Paul Rosenberg and his barrister attempted to reconstitute the itineraries of some of the works looted at Libourne (only a handful of these, as many have still not been found to this day), by revealing, in the lawsuit and in the subsequent memoranda, the information they had managed to gather. Most of the works had been acquired by Fischer, the gallerist from Lucerne, who, since 1938, had become one of the official fences for art looted by the Nazis. Hence, twenty-seven of the thirty-nine pictures reclaimed by Rosenberg had been acquired by Fischer.
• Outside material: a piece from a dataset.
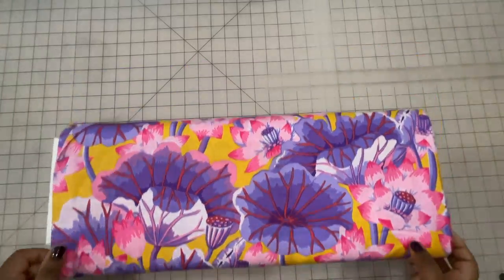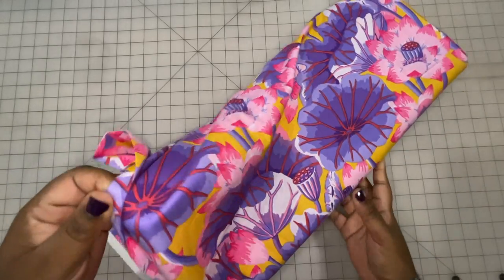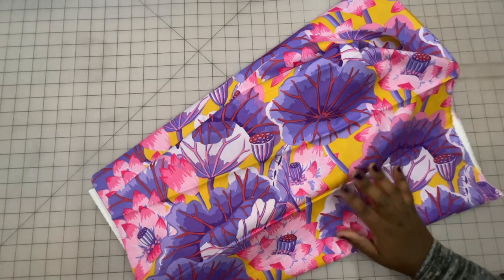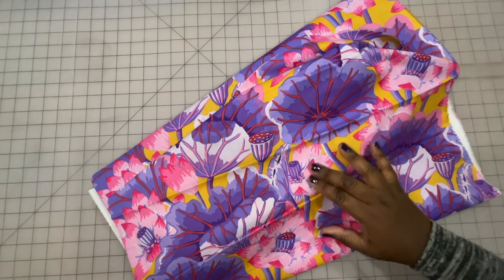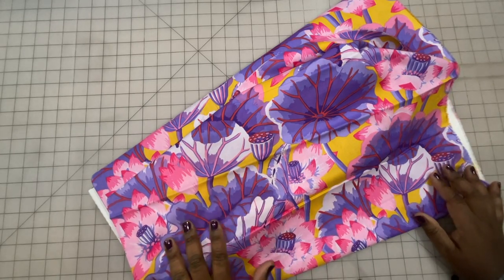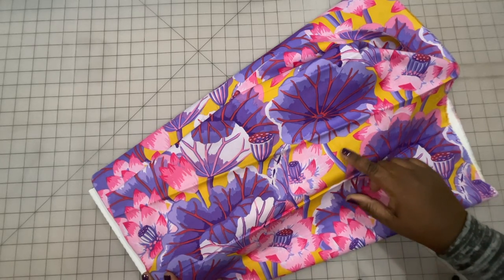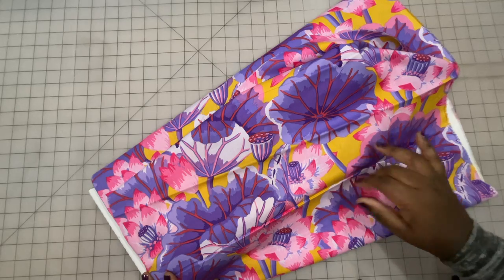Next up, we have Lake Blossoms and this colorway is purple. You can see here it's a bold floral print with a mixture of deep tones and some pastels. You have shades of purple, pink, and this really lovely marigold yellow background.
Fischer explained that he had obtained twenty-six of the twenty-seven works from Hofer, who was at the time the director of Hermann Göring’s collection and one of the major agents involved in the looting of works of art and their redistribution. Fischer specified that he had partly obtained these works in payment for purchases made by Hofer. In fact, these were pictures that were part of a number of exchanges of modern works—modern works Göring was only marginally interested in—for Old Master pictures. A twenty-seventh work had been bought by Fischer from Dr Hans Wendland. Hans Wendland was a German art dealer with a detestable reputation, and one of the most active dealers in plundered works. Fischer had sold five pictures to Bührle: Jockeys by Degas, a drawing titled Deux Femmes Nues by Degas, Manet’s Fleurs Dans un Vase, Port de Rouen Après la Pluie by Pissarro, and the picture Femme au Corsage Rouge by Corot. Courbet’s Femme Endormie had been sold by Fischer to Willi Raeber, who lived in Basel. Raeber had subsequently sold the picture to a certain Fritz Trüssel, a lawyer based in Bern.

Matisse’s picture Danseuse au Tambourin had been acquired by Bührle on 18 December 1942 at the Aktuaryus Gallery in Zurich. Toni Aktuaryus said that he had obtained it from a Mr Georges Schmid, who was believed to be the agent of Max Stöcklin, a Swiss living in Paris. The same Max Stöcklin had imported to Switzerland two pictures by Matisse: La Fenêtre Ouverte and Femme Dans un Fauteuil Jaune. He had sold them to the sculptor André Martin, who had pawned La Fenêtre Ouverte to the Neupert Gallery. Another picture had had an amazing itinerary before it finally reached Switzerland. Matisse’s Femme à l’Ombrelle au Balcon had been sold at the end of April 1943 by the Galerie de l’Élysée (Jean Metthey) in Paris to a certain E.-L. Bornand, a Swiss living in Paris. Bornand sold the work to Henry-Louis Mermod, an industrialist, collector, publisher, and patron from the Vaud region who was a major figure in Lausanne’s cultural milieu. Four pictures had been purchased by Alois Miedl from Walter Andreas Hofer: Van Gogh’s Portrait de l’Artiste à l’Oreille Coupée and three paintings by Cézanne, Arlequin, Nature Morte, Bouteilles, and Le Garçon au Gilet Rouge. Miedl, another notable profiteer of the Nazi spoliations of art works, was living in Madrid in 1948.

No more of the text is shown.